** Opening STORED DATA block **
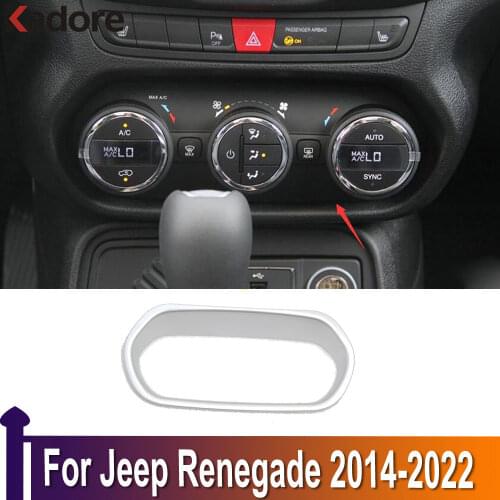For Jeep Renegade 2014-2017 2018 2019 Interior Accessories ABS Matte Car Styling Air Conditioning Adjustment Switch Cover Trim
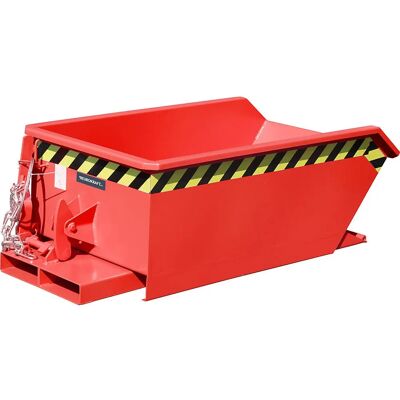 Eurokraft pro Mini schwenkbarer Container - Niedrige Kantenhöhe - 0,23m³ - Rot Eurokraft pro Mini schwenkbarer Container - Niedrige Kantenhöhe - 0,23m³ - Rot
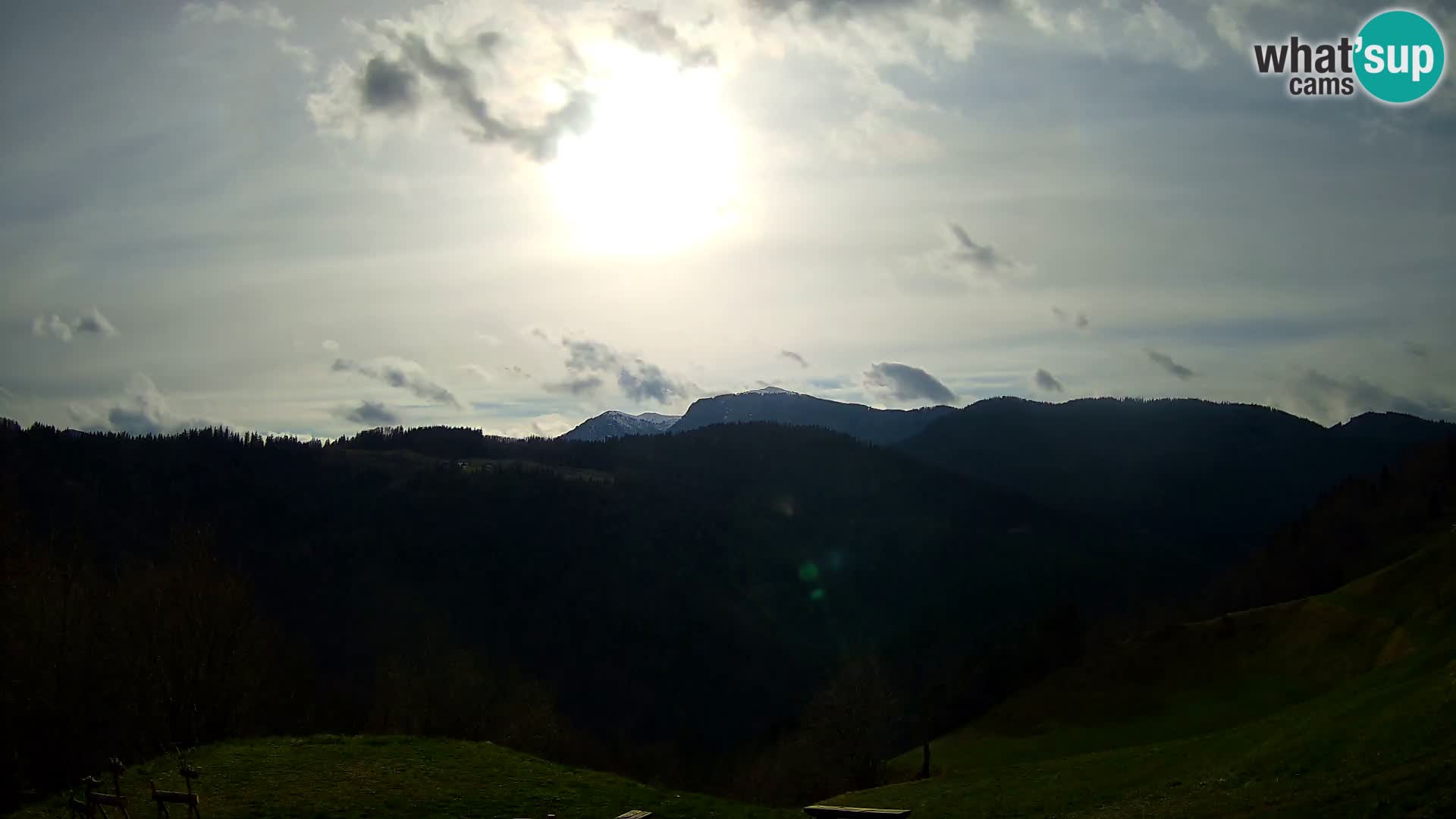 Webcam Brunarica Dražgoše – Live View of Ratitovec (1666 m)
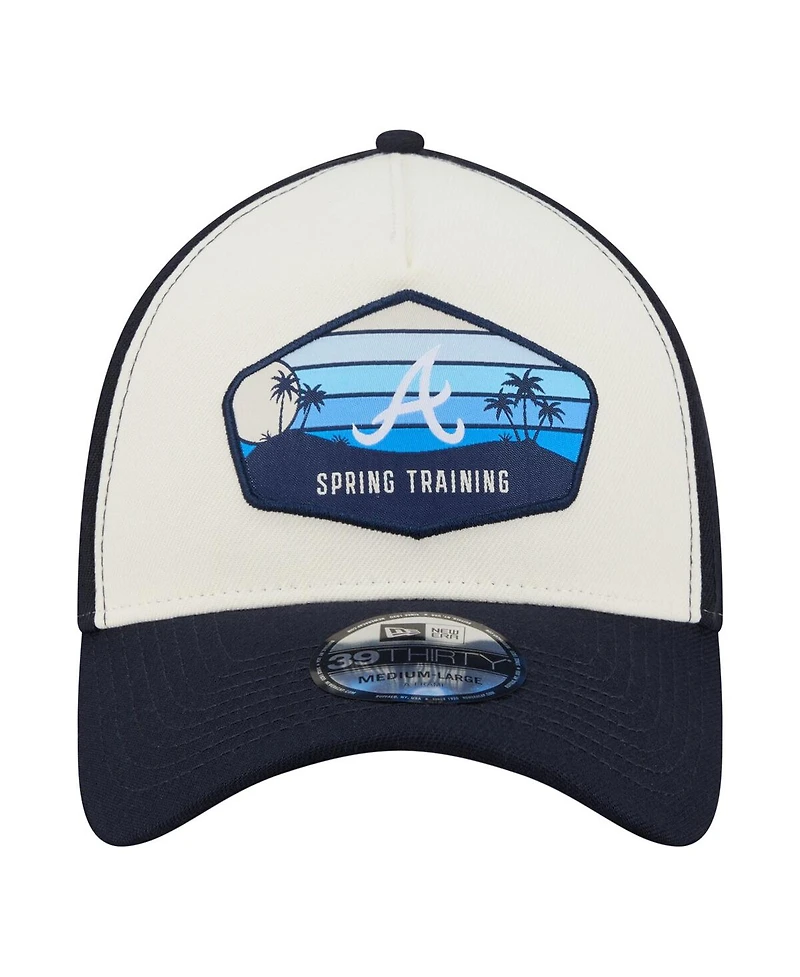 New Era Men's Stone Atlanta Braves 2026 Spring Training Fan Pack Gradient 39THIRTY Flex Hat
** Closing STORED DATA block **
- [TASK PROMPT]: All of the material above should be set down again exactly, though not its pictures.

- [SOLUTION TO THIS EXERCISE]:
For Jeep Renegade 2014-2017 2018 2019 Interior Accessories ABS Matte Car Styling Air Conditioning Adjustment Switch Cover Trim
 Eurokraft pro Mini schwenkbarer Container - Niedrige Kantenhöhe - 0,23m³ - Rot Eurokraft pro Mini schwenkbarer Container - Niedrige Kantenhöhe - 0,23m³ - Rot
 Webcam Brunarica Dražgoše – Live View of Ratitovec (1666 m)
 New Era Men's Stone Atlanta Braves 2026 Spring Training Fan Pack Gradient 39THIRTY Flex Hat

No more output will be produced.